About 400 parents were at the Clayton County Performing Arts Center Thursday night, hoping to spend three minutes each addressing board members. However, only four chairs were on the stage, and one of them was for the board's secretary.

Corrective Superintendent John Thompson, accompanied by new board members Alieka Anderson, Trinia Garrett and Michael King, announced that the public participation meeting would not proceed. Earlier, Gov. Sonny Perdue issued an executive order removing board members Michelle Strong, Sandra Scott, Lois Baines-Hunter and Yolanda Everett. That left the board with only three members. School officials were not sure a board meeting could be held without five members.

Thompson talked with parents instead. At times, it was contentious. "We trusted you before and we lost accreditation. How can we trust you now?" Melissa Vargis asked Thompson.

"You have to have faith..." Thompson responded.

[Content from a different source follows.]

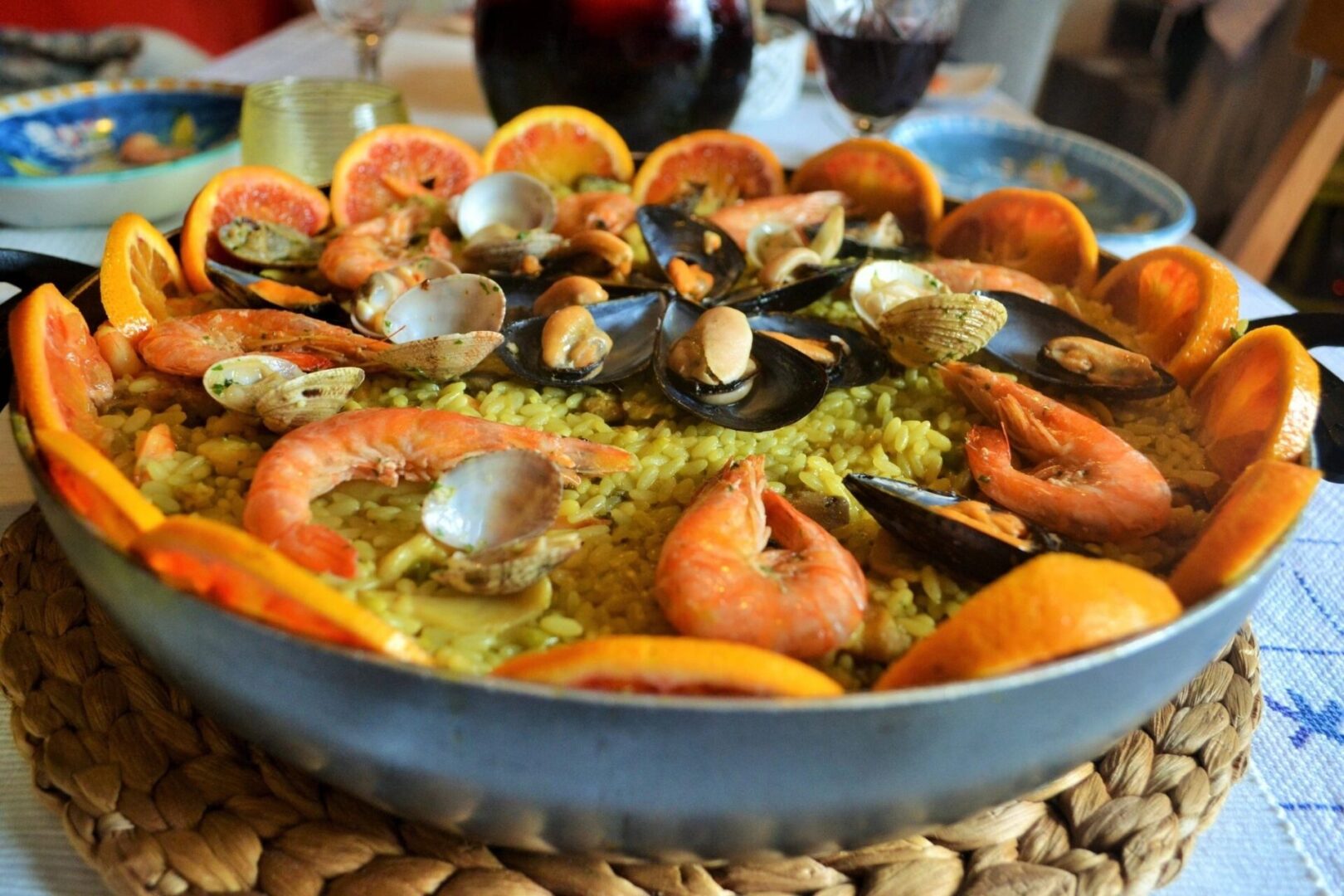 A bowl of food with seafood and other foods.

"Faith is gone, sir," said Vargis, cutting off Thompson before he could finish his sentence.

Vargis later said she might send her children to live with a relative in Atlanta so they can attend school in an accredited district.

State Rep. Mike Glanton (D-Jonesboro) called SACS' decision "the worst of times," but promised "we will persevere ... None of our jobs are over until we get the accreditation back."

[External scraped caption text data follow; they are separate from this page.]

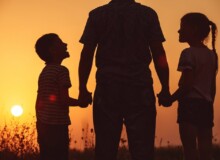 Father and children standing in the park at the sunset time.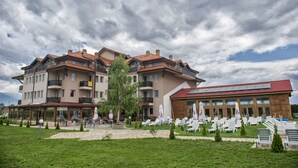 Un hotel de varios pisos con mesas al aire libre y una piscina.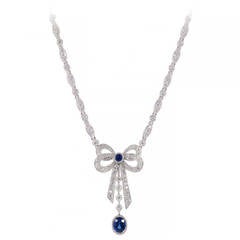 Oval Sapphire Pave Round Diamond Platinum Bow Pendant 10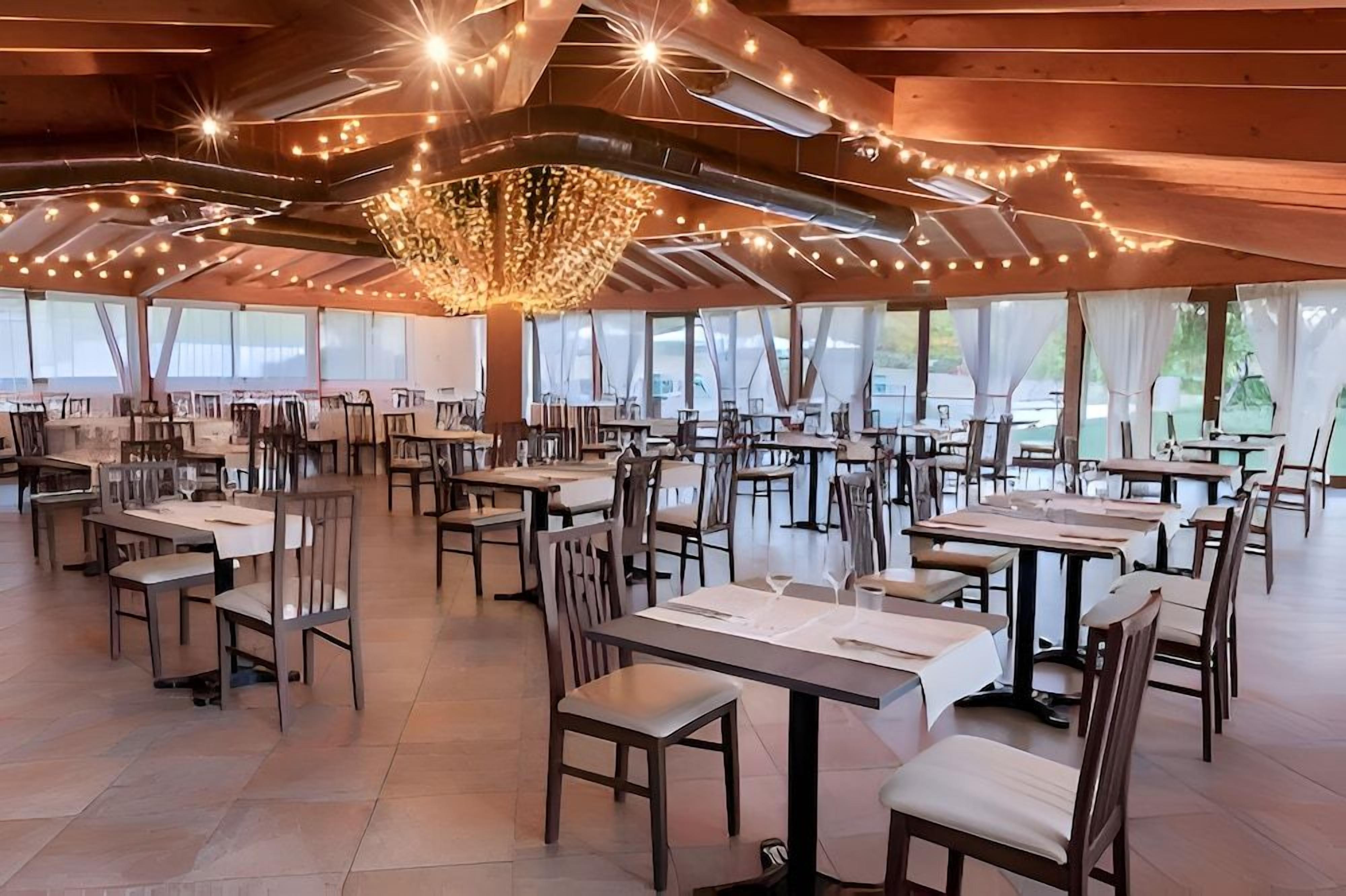 Un'ampia sala da pranzo con diversi tavoli e sedie, grandi finestre e un lampadario decorativo.
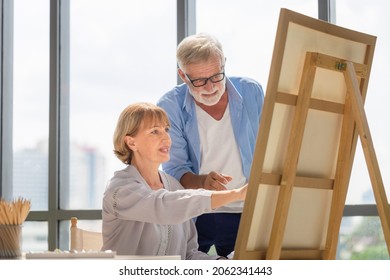 Portrait Of Happy Senior Couple Painting On A Canvas In Living Room, Older Man And Woman Drawing Together On A Canvas, Happy Retirement Concepts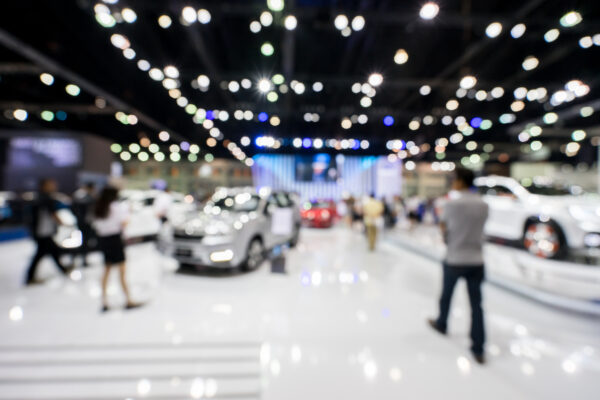 blur photo of motor show, car show room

Incoming board member, Jessie Goree, who will replace Everett in January, attended the meeting where SACS officials told school system officials about the accreditation decision. The mother of a senior at North Clayton High School, Goree said she cried during most of the meeting, because of her worries about how the loss of accreditation would affect her son and his classmates.

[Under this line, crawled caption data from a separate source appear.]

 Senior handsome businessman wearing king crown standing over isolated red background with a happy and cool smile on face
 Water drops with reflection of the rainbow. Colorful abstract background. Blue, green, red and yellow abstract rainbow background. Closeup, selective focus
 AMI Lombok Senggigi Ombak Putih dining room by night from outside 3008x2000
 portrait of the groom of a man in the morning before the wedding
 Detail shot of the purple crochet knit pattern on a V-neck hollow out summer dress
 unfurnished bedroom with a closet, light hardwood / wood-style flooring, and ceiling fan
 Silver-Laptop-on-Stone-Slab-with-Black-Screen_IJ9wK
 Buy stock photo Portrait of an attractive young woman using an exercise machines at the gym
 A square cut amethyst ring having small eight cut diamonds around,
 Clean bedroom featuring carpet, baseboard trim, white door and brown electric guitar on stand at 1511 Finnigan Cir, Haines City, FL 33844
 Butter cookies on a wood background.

Goree said the board should accept an offer from SACS president Mark Elgart, and state board of education members, James Bostic and Brad Bryant, to help the school system and the board meet the remaining mandates. "I still don't understand what it is they [SACS] want from us," she said. "If I was on the board now, I would probably be meeting with SACS every two weeks to make sure we are headed in the right direction."

David Barton, vice chairman of governmental affairs for the Metro South Association of Realtors, said SACS, not the school system, is to blame for the loss of accreditation. "I personally think the accreditation was pulled to show SACS has some teeth," Barton said. "They could have said, 'You're on probation. Go fix these problems,' but they didn't do that."

As the news about the accreditation loss filtered into the community, reports started coming out that students, particularly those in high schools, got angry and began protesting the school board.

Vernetta Reeves, whose daughter, Genetta, is a senior at Jonesboro High School, said the school's seniors had planned to conduct a walkout on Thursday, to protest the school system, but the pupils changed their minds when cooler heads prevailed. Still, Reeves said she is going to find a an accredited school to which she can send her eldest daughter for the remainder of the school year.

"She's being recruited by Harvard [University], but her heart is set on attending Howard [University]," Reeves said. "We don't know how the loss of accreditation will affect her chances of getting into Howard, but I don't want to take that chance."

Promises of support for the students and the school system poured in from officials across the state within hours of the announcement of SACS' decision.

State Sen. Valencia Seay (D-Riverdale), who served on the school board from 1994-2000, said SACS' decision will hurt the county in terms of economic growth and development, but "I will do everything in my power for [the] school district and county officials to regain accreditation, so that all Clayton County students are afforded every educational opportunity."

State School Superintendent Kathy Cox said she was saddened by the SACS decision, but also hoped it served as a reminder to the citizens of Georgia as to how important it is to participate in the elections of "functional, productive and professional" school board members. In the meantime, she plans to work with other state officials to help the 50,000 students of Clayton County schools.

"I will work with Gov. [Sonny] Perdue, University System of Georgia Chancellor Erroll Davis and other leaders around the state to help secure the futures of these students and all who attend Clayton County public schools," Cox said. "We will seek any and all flexibility in state policies and rules to make sure thousands of students are not harmed by the actions of the school board."

U.S. Rep. David Scott (D-Ga.) said he plans to reach out to the leadership of the U.S. House of Representatives' Committee on Education, and the U.S. Department of Education to alert them to the accreditation situation, and to solicit their assistance on behalf of the school system.

"This is a sad situation that could have been averted," Scott said. "All nine mandates dealt with mismanagement at the school board level and unfortunately the board chose inaction rather than to protect the interests of the citizens of Clayton County. The loss of accreditation was not due to the quality of students or teachers, test scores, level of funding, or academics."